9. A computer-readable medium having computer-executable instructions for performing steps comprising:

receiving narrowband cepstra formed from power spectrums of a signal;

receiving wideband cepstra for the same signal; and

using the narrowband cepstra and the wideband cepstra to train transformation model parameters that can be used to transform narrowband cepstra into wideband cepstra.

10. The computer-readable medium of claim 9 wherein the transformation parameters provide a piecewise linear transformation from narrowband cepstra to wideband cepstra.

11. The computer-readable medium of claim 9 wherein training the transformation parameters comprises training separate transformation parameters for at least two states.

12. The computer-readable medium of claim 9 further comprising forming wideband cepstra using the transformation parameters.

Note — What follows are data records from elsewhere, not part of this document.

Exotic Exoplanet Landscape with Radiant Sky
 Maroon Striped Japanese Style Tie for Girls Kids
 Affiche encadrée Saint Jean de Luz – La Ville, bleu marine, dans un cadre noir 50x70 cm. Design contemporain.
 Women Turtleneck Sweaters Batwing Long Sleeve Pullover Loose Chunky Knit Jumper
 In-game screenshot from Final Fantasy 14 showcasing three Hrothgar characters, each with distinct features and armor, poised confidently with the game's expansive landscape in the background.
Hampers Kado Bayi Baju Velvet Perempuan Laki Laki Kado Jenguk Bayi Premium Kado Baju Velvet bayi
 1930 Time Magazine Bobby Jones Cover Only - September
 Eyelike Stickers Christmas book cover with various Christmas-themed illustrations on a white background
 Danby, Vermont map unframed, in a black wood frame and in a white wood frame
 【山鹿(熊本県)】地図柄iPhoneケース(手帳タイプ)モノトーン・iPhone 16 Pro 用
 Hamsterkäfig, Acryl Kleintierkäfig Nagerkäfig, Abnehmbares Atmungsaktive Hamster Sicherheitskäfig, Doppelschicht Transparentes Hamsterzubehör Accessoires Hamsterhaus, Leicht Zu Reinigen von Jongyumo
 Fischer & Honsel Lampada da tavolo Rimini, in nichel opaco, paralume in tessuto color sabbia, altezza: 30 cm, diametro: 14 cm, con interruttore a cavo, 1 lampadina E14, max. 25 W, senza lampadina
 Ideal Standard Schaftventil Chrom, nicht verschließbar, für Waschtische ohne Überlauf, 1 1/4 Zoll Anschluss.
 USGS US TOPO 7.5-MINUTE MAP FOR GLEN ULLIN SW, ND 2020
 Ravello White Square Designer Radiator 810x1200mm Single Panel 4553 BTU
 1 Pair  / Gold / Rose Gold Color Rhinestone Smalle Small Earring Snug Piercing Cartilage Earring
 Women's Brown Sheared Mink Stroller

13. The computer-readable medium of claim 12 wherein forming wideband cepstra using the transformation parameters comprises calculating a weighted sum over a set of states.

14. The computer-readable medium of claim 12 wherein forming wideband cepstra comprises forming enhanced wideband cepstra based on noisy narrowband cepstra.

15. The computer-readable medium of claim 14 wherein forming enhanced wideband cepstra comprises identifying a mean enhanced narrowband cepstra from the noisy narrowband cepstra.

16. The computer-readable medium of claim 14 further comprising forming a filter based on the enhanced wideband cepstra.

17. A method comprising:

generating noisy narrowband cepstra from a noisy signal; and

generating enhanced wideband cepstra from the noisy narrowband cepstra.

18. The method of claim 17 wherein generating an enhanced wideband cepstrum comprises identifying a mean enhanced narrowband cepstrum from a noisy narrowband cepstrum and using the mean enhanced narrowband cepstrum to generate the enhanced wideband cepstrum.

19. The method of claim 18 wherein generating an enhanced wideband cepstrum comprises using transformation parameters that perform a piecewise linear transformation on the mean enhanced narrowband cepstrum.

20. The method of claim 19 wherein using transformation parameters comprises using separate transformation parameters for at least two states of a set of states.